_YOUR GOAL_:
For the string "entre", search the entries below and copy every line where it appears.

Image-text web data:
──────────

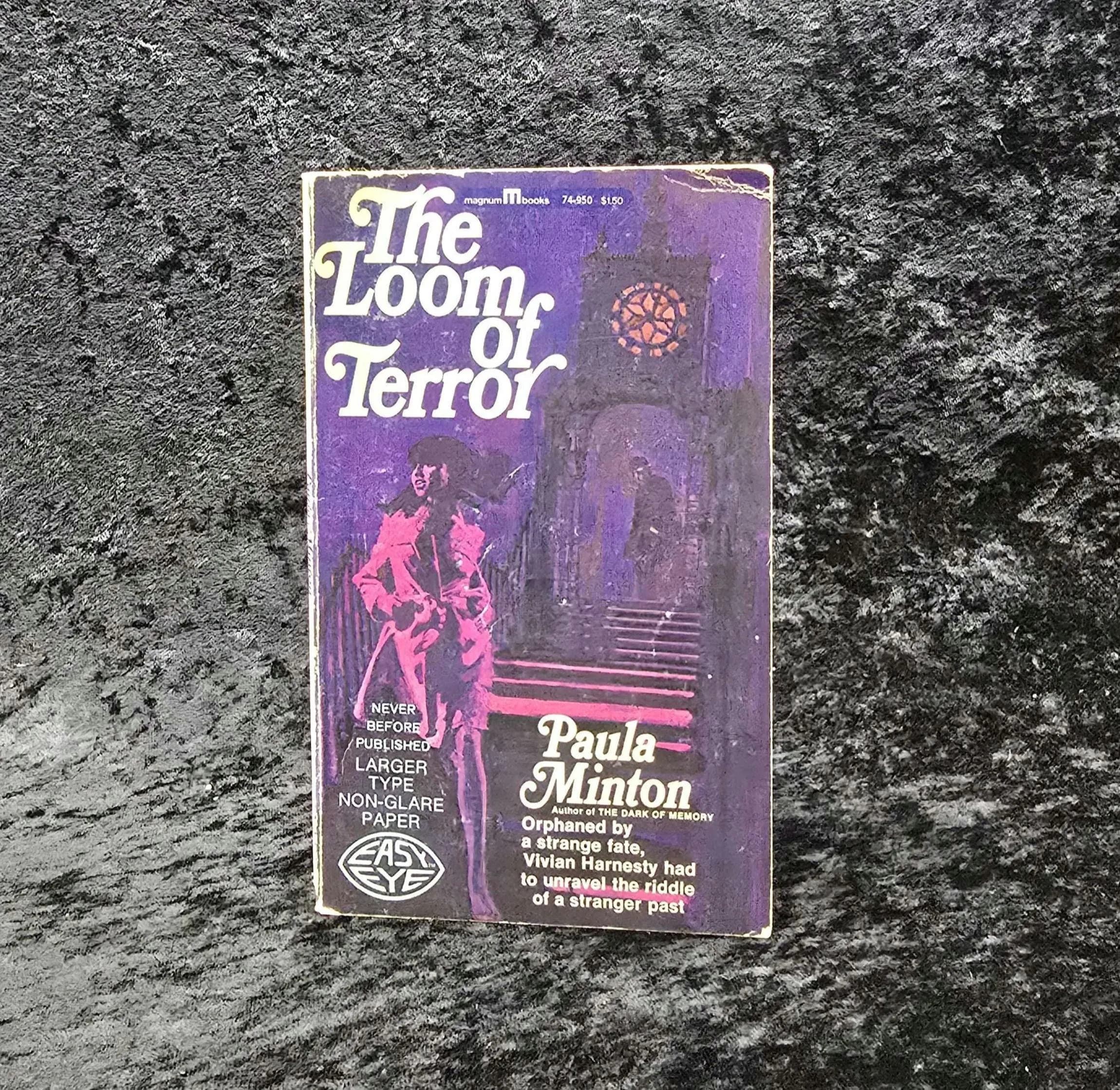 The Loom of Terror by Paula Minton - 1968 Vintage Gothic romance paperback book - Magnum Easy Eye larger type copy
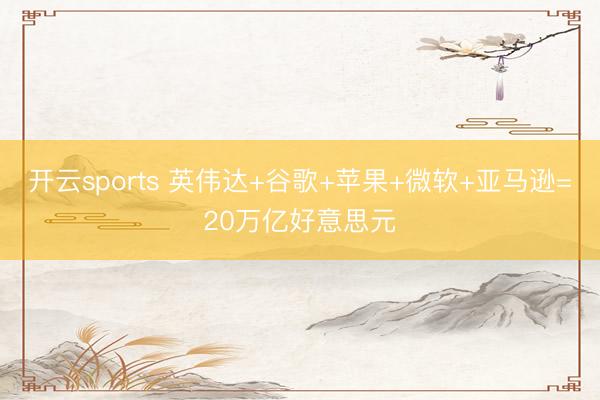 开云sports 英伟达+谷歌+苹果+微软+亚马逊=20万亿好意思元
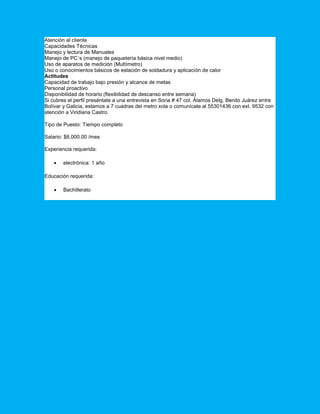 Atención al cliente
Capacidades Técnicas
Manejo y lectura de Manuales
Manejo de PC´s (manejo de paquetería básica nivel medio)
Uso de aparatos de medición (Multímetro)
Uso o conocimientos básicos de estación de soldadura y aplicación de calor
Actitudes
Capacidad de trabajo bajo presión y alcance de metas
Personal proactivo
Disponibilidad de horario (flexibilidad de descanso entre semana)
Si cubres el perfil preséntate a una entrevista en Soria # 47 col. Álamos Delg. Benito Juárez entre
Bolívar y Galicia, estamos a 7 cuadras del metro xola o comunícate al 55301436 con ext. 9532 con
atención a Viridiana Castro.
Tipo de Puesto: Tiempo completo
Salario: $6,000.00 /mes
Experiencia requerida:
 electrónica: 1 año
Educación requerida:
 Bachillerato
 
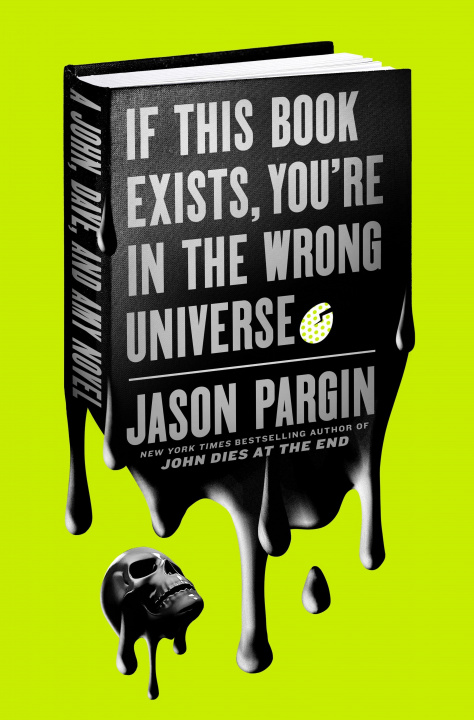 Книга If This Book Exists, You're in the Wrong Universe: A John, Dave, and Amy Novel 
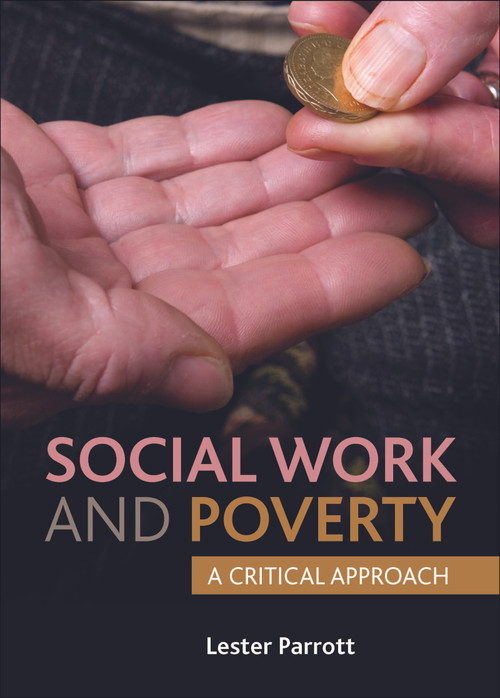 Social Work and Poverty (A Critical Approach) - 9781447307945 by Lester Parrott, 9781447307945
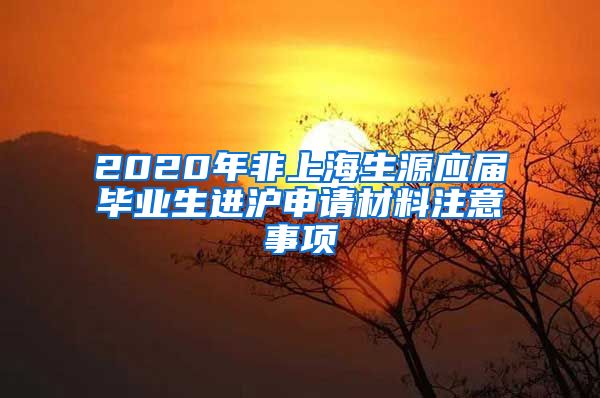 2020年非上海生源应届毕业生进沪申请材料注意事项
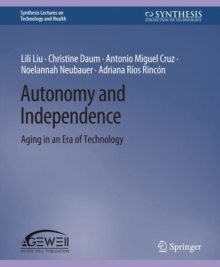 Image for Autonomy and Independence: Aging in an Era of Technology
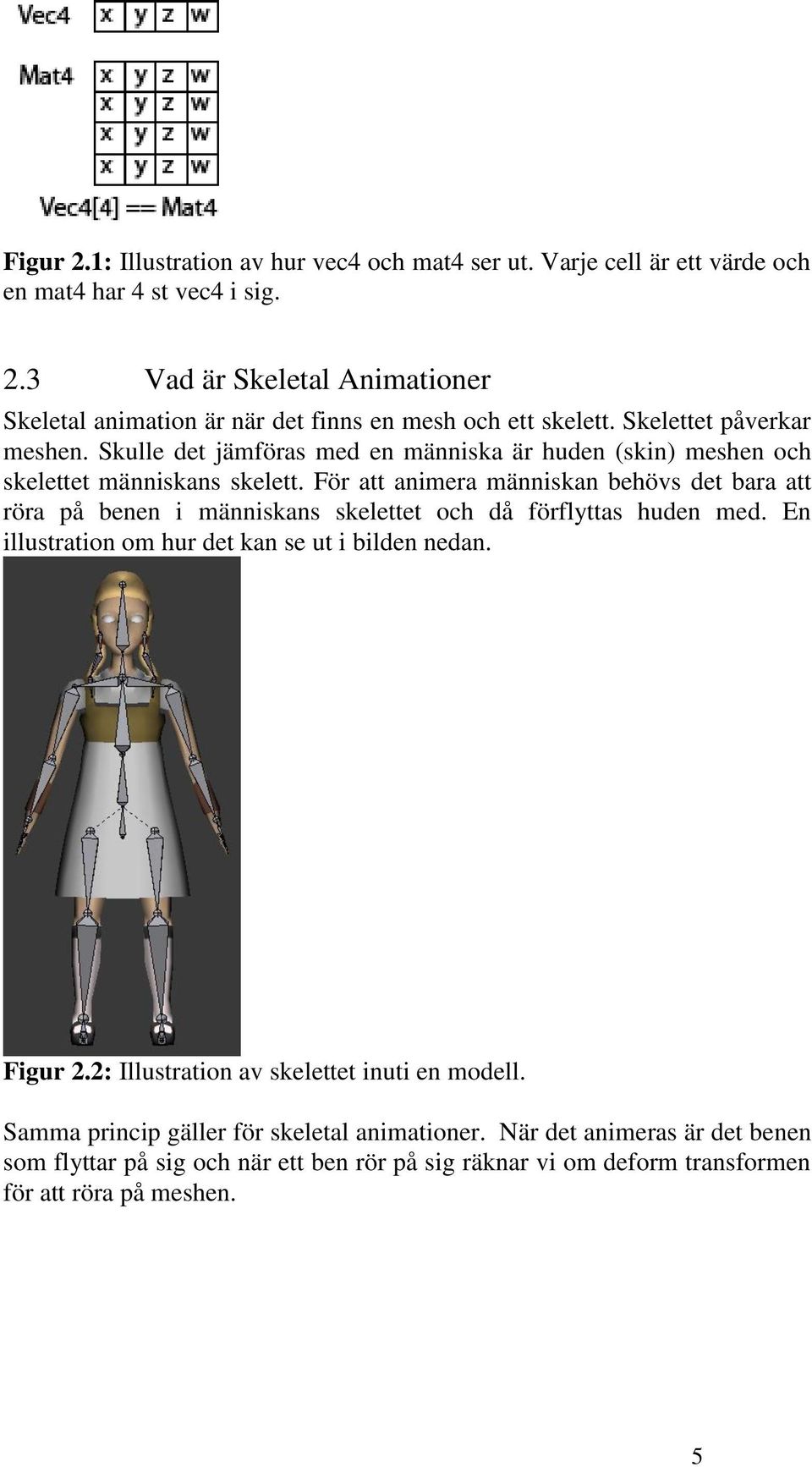 För att animera människan behövs det bara att röra på benen i människans skelettet och då förflyttas huden med. En illustration om hur det kan se ut i bilden nedan. Figur 2.
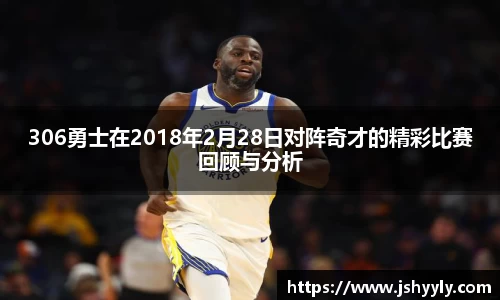306勇士在2018年2月28日对阵奇才的精彩比赛回顾与分析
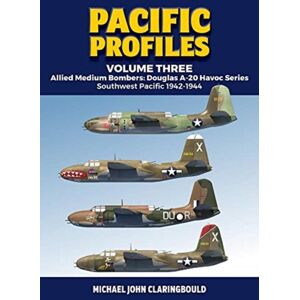 Avonmore Books Pacific Profiles - Volume Three : Allied Medium Bombers: Douglas A-20 Havoc Series Southwest Pacific 1942-1944 Avonmore Books Pacific Profiles - Volume Three : Allied Medium Bombers: Douglas A-20 Havoc Series Southwest Pacific 1942-1944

──────────

_EXERCISE OUTPUT_:
Disponibilidad de horario (flexibilidad de descanso entre semana)
Si cubres el perfil preséntate a una entrevista en Soria # 47 col. Álamos Delg. Benito Juárez entre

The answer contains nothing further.